In the entries below, begin at the line that has "A common and", stop after the line that has "2017 Honda HR-V.", and output those lines exactly with no pictures.

» **Supplied records**
%%

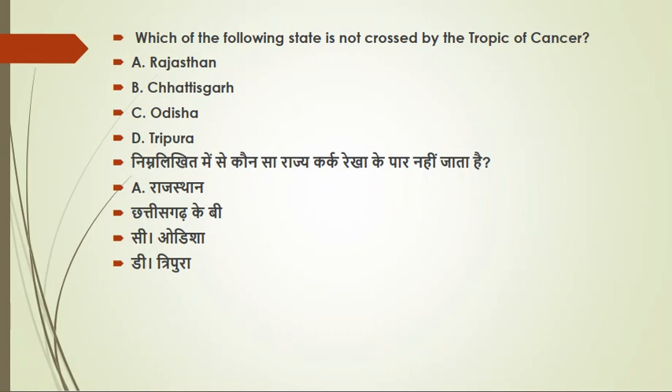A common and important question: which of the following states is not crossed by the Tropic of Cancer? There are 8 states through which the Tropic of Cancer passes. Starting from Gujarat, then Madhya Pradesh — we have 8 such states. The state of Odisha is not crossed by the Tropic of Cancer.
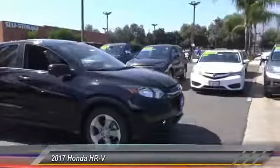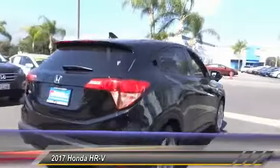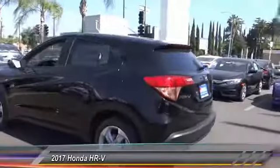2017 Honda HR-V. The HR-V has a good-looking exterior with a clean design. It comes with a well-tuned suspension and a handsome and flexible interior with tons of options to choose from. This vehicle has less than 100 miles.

%%
%%

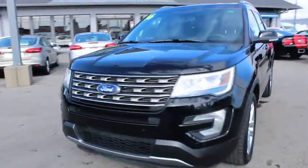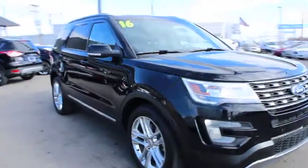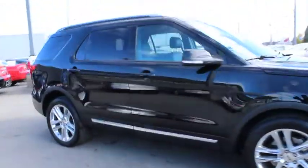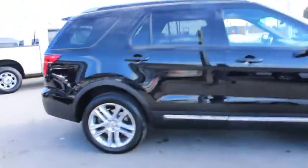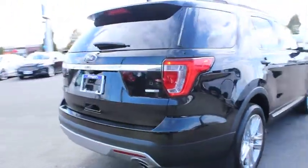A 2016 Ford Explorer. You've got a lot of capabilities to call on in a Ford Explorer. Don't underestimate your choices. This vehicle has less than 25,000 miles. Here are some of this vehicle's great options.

%%

» **Output for this task**
A common and important question: which of the following states is not crossed by the Tropic of Cancer? There are 8 states through which the Tropic of Cancer passes. Starting from Gujarat, then Madhya Pradesh — we have 8 such states. The state of Odisha is not crossed by the Tropic of Cancer.
2017 Honda HR-V. The HR-V has a good-looking exterior with a clean design. It comes with a well-tuned suspension and a handsome and flexible interior with tons of options to choose from. This vehicle has less than 100 miles.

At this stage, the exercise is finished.